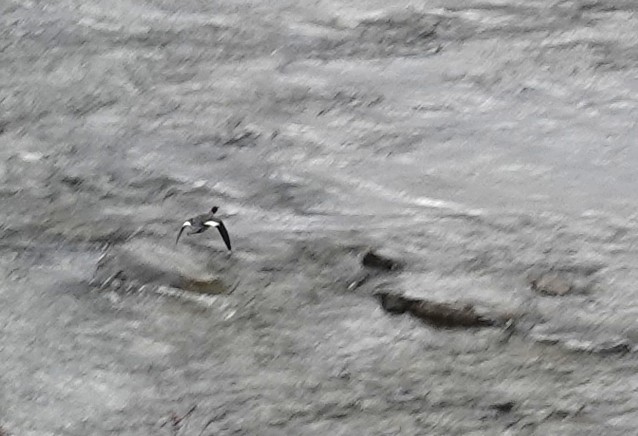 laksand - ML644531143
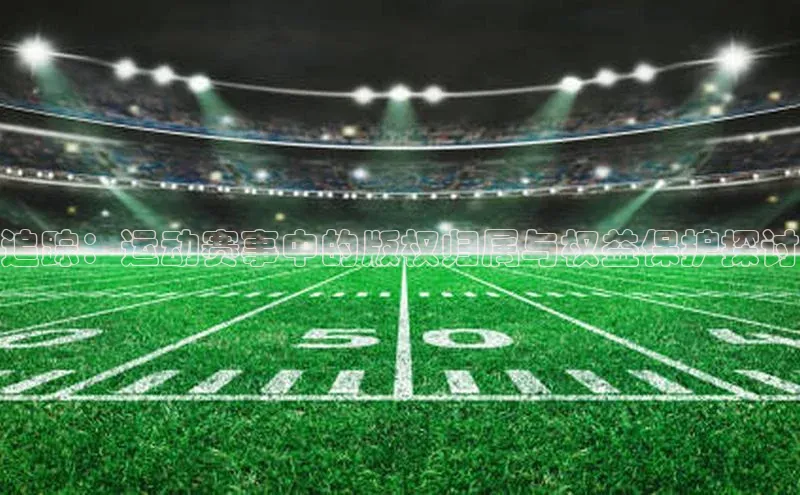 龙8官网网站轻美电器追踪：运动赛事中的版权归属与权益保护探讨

####################

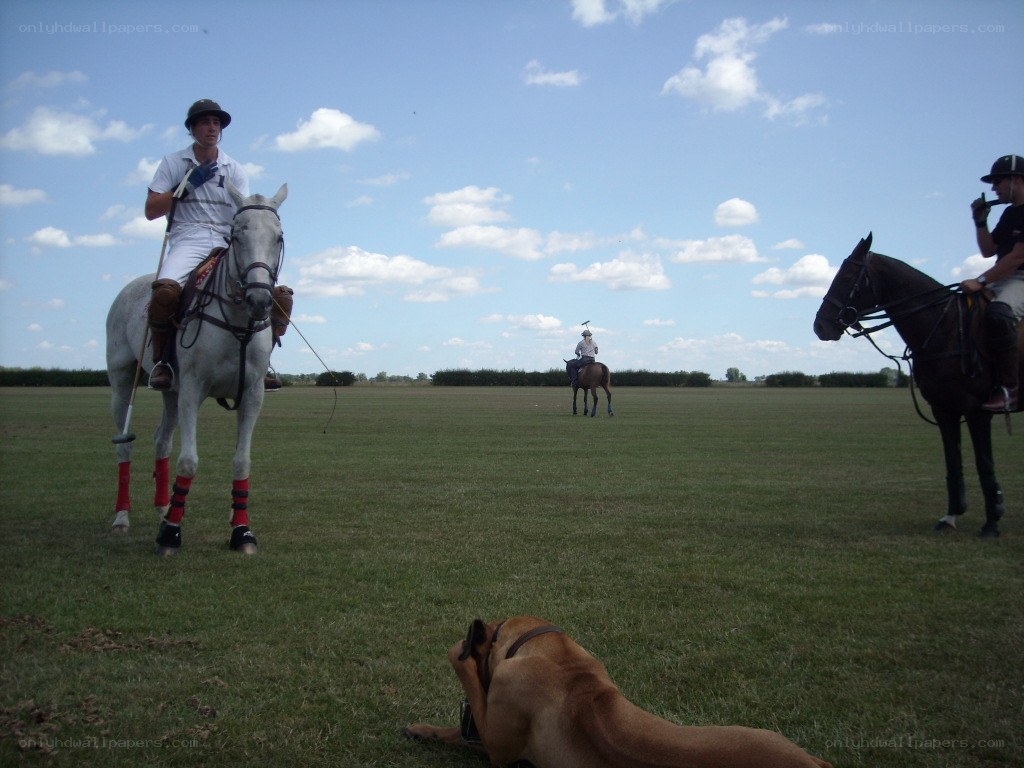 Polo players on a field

####################

**Exercise objective**
Starting at the line above that holds "laksand - ML644531143", repeat every line exactly down to and including the line that holds "龙8官网网站轻美电器追踪：运动赛事中的版权归属与权益保护探讨", then stop. Do not carry over any pictures.

**Task answer**
 laksand - ML644531143
 龙8官网网站轻美电器追踪：运动赛事中的版权归属与权益保护探讨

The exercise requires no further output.